In real life, we know a population has a huge amount of different characteristics which can (or cannot) be dependent on each other, or tied to one another in a certain way; therefore, this lesson will focus on that, on cases in which we start studying populations from more than one of their characteristics, thus paying attention to cases where two variables are being studied, compared, represented together and even produced conclusions based on their behaviour by themselves and with each other: it is time to learn about bivariate data (sometimes called bivariable data).
What is bivariate data?
We define bivariate data as data that has two variables. In a bivariate data set, each data point from the set has two values corresponding to each of the two variables in the set, this pairing of values per data point allows us to see the relationship between the variables being studied (if any) and see any tendency patterns in their behaviour.

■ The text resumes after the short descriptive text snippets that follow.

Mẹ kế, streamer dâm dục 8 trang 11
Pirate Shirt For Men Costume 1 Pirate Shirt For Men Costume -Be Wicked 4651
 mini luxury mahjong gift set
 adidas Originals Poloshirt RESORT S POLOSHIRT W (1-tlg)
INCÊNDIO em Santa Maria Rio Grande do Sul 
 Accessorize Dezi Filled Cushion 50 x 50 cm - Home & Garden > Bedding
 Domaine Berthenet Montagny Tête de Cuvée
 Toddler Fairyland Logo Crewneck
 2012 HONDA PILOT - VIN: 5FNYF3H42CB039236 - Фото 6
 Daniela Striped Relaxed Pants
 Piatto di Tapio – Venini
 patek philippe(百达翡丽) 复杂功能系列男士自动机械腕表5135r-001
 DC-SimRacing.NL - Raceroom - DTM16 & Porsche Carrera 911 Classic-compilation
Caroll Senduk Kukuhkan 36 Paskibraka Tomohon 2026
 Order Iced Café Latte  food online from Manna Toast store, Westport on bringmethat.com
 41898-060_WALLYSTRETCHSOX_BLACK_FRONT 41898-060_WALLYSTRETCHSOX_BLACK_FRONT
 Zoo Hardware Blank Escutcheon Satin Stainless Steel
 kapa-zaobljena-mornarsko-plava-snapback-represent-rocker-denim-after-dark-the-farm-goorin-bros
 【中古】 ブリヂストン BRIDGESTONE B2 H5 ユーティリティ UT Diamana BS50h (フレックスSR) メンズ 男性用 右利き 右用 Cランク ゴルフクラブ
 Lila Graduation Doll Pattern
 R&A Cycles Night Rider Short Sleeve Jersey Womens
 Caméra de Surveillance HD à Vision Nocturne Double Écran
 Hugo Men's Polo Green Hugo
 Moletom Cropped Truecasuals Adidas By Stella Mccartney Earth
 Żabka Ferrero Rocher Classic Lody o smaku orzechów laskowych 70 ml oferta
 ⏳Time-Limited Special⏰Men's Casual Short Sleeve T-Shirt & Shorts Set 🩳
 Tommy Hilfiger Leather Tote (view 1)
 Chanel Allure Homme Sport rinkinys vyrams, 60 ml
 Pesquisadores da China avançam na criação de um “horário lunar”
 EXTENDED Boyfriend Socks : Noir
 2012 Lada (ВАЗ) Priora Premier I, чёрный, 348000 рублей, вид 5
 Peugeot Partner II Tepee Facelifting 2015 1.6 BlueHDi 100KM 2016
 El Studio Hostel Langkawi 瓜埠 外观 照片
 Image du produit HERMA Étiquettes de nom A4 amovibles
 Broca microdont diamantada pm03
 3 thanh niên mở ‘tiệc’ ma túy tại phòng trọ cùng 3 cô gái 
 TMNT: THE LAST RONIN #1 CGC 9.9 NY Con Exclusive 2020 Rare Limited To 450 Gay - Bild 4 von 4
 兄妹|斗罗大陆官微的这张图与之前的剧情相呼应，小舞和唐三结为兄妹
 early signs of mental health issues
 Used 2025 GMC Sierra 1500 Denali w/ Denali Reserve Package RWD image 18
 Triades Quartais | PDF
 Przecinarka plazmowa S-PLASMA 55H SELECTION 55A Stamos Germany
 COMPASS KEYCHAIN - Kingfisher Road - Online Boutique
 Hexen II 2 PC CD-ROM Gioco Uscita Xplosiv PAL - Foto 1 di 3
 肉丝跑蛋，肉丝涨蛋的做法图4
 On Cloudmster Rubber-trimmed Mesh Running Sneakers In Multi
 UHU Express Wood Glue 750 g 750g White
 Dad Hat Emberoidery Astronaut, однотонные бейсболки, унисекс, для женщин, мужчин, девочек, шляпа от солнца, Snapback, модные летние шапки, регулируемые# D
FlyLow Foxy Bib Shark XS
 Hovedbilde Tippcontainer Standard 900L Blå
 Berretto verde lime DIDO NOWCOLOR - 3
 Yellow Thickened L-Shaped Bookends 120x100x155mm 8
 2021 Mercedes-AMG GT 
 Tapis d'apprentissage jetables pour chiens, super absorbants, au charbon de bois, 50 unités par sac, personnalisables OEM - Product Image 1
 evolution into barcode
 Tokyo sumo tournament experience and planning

For example, a simple bivariate data set could be the gathering of the ages and yearly income from the adult population in the city of Richmond. In this case the two variables would be age and income, and such joint statistical analysis would allow the researcher to infer conclusions on the age of the population who has the highest economical means. Such information could be very important for a marketing campaign on real estate, since it would allow the sellers to target the population group that has highest probability of investing in a new home; that information could not be obtained from a data set with only one variable (for example, lets say we just gather the income each people in Richmond has, but do not gather any more information on them, it would be very difficult to find out which is the target population for real estate commercials just based on that, since it could be anyone).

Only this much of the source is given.